§ **PROVIDED ENTRIES**:
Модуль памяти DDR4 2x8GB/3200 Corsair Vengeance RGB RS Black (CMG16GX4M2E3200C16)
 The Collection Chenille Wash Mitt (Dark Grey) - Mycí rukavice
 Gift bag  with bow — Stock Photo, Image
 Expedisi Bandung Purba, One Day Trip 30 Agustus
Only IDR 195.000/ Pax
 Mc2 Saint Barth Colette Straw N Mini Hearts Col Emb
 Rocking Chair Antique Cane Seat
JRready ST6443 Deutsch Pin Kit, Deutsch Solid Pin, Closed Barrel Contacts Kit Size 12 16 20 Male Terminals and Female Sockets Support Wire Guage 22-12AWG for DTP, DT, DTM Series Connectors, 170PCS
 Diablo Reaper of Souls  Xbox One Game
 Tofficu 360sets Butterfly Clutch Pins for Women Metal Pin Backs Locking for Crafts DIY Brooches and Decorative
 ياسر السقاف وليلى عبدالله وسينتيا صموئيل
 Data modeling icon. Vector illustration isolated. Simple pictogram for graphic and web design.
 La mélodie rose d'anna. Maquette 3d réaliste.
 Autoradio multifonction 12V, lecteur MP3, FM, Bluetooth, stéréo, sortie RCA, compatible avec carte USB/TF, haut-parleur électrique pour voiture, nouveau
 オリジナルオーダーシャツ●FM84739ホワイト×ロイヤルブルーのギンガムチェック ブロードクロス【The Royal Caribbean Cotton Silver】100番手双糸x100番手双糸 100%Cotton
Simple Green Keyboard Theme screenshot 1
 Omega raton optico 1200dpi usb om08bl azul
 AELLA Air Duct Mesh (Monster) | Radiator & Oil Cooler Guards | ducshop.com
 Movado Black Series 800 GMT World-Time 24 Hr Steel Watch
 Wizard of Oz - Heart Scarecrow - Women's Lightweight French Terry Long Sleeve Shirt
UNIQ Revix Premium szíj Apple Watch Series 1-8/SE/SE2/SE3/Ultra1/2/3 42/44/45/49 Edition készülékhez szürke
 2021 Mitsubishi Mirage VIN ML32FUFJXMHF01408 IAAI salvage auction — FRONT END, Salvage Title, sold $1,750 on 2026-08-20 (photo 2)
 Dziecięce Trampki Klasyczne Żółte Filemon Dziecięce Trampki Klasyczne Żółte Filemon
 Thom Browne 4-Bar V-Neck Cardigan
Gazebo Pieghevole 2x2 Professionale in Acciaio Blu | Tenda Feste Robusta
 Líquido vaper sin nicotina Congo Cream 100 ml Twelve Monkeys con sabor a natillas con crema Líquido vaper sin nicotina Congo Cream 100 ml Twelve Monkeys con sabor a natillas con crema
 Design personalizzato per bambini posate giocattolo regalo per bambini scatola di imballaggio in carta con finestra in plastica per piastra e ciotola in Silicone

§ **ABOUT THIS EXERCISE**:
Reproduce all of the listing, exactly as given.

§ **SOLUTION TO THIS TASK**:
Модуль памяти DDR4 2x8GB/3200 Corsair Vengeance RGB RS Black (CMG16GX4M2E3200C16)
 The Collection Chenille Wash Mitt (Dark Grey) - Mycí rukavice
 Gift bag  with bow — Stock Photo, Image
 Expedisi Bandung Purba, One Day Trip 30 Agustus
Only IDR 195.000/ Pax
 Mc2 Saint Barth Colette Straw N Mini Hearts Col Emb
 Rocking Chair Antique Cane Seat
JRready ST6443 Deutsch Pin Kit, Deutsch Solid Pin, Closed Barrel Contacts Kit Size 12 16 20 Male Terminals and Female Sockets Support Wire Guage 22-12AWG for DTP, DT, DTM Series Connectors, 170PCS
 Diablo Reaper of Souls  Xbox One Game
 Tofficu 360sets Butterfly Clutch Pins for Women Metal Pin Backs Locking for Crafts DIY Brooches and Decorative
 ياسر السقاف وليلى عبدالله وسينتيا صموئيل
 Data modeling icon. Vector illustration isolated. Simple pictogram for graphic and web design.
 La mélodie rose d'anna. Maquette 3d réaliste.
 Autoradio multifonction 12V, lecteur MP3, FM, Bluetooth, stéréo, sortie RCA, compatible avec carte USB/TF, haut-parleur électrique pour voiture, nouveau
 オリジナルオーダーシャツ●FM84739ホワイト×ロイヤルブルーのギンガムチェック ブロードクロス【The Royal Caribbean Cotton Silver】100番手双糸x100番手双糸 100%Cotton
Simple Green Keyboard Theme screenshot 1
 Omega raton optico 1200dpi usb om08bl azul
 AELLA Air Duct Mesh (Monster) | Radiator & Oil Cooler Guards | ducshop.com
 Movado Black Series 800 GMT World-Time 24 Hr Steel Watch
 Wizard of Oz - Heart Scarecrow - Women's Lightweight French Terry Long Sleeve Shirt
UNIQ Revix Premium szíj Apple Watch Series 1-8/SE/SE2/SE3/Ultra1/2/3 42/44/45/49 Edition készülékhez szürke
 2021 Mitsubishi Mirage VIN ML32FUFJXMHF01408 IAAI salvage auction — FRONT END, Salvage Title, sold $1,750 on 2026-08-20 (photo 2)
 Dziecięce Trampki Klasyczne Żółte Filemon Dziecięce Trampki Klasyczne Żółte Filemon
 Thom Browne 4-Bar V-Neck Cardigan
Gazebo Pieghevole 2x2 Professionale in Acciaio Blu | Tenda Feste Robusta
 Líquido vaper sin nicotina Congo Cream 100 ml Twelve Monkeys con sabor a natillas con crema Líquido vaper sin nicotina Congo Cream 100 ml Twelve Monkeys con sabor a natillas con crema
 Design personalizzato per bambini posate giocattolo regalo per bambini scatola di imballaggio in carta con finestra in plastica per piastra e ciotola in Silicone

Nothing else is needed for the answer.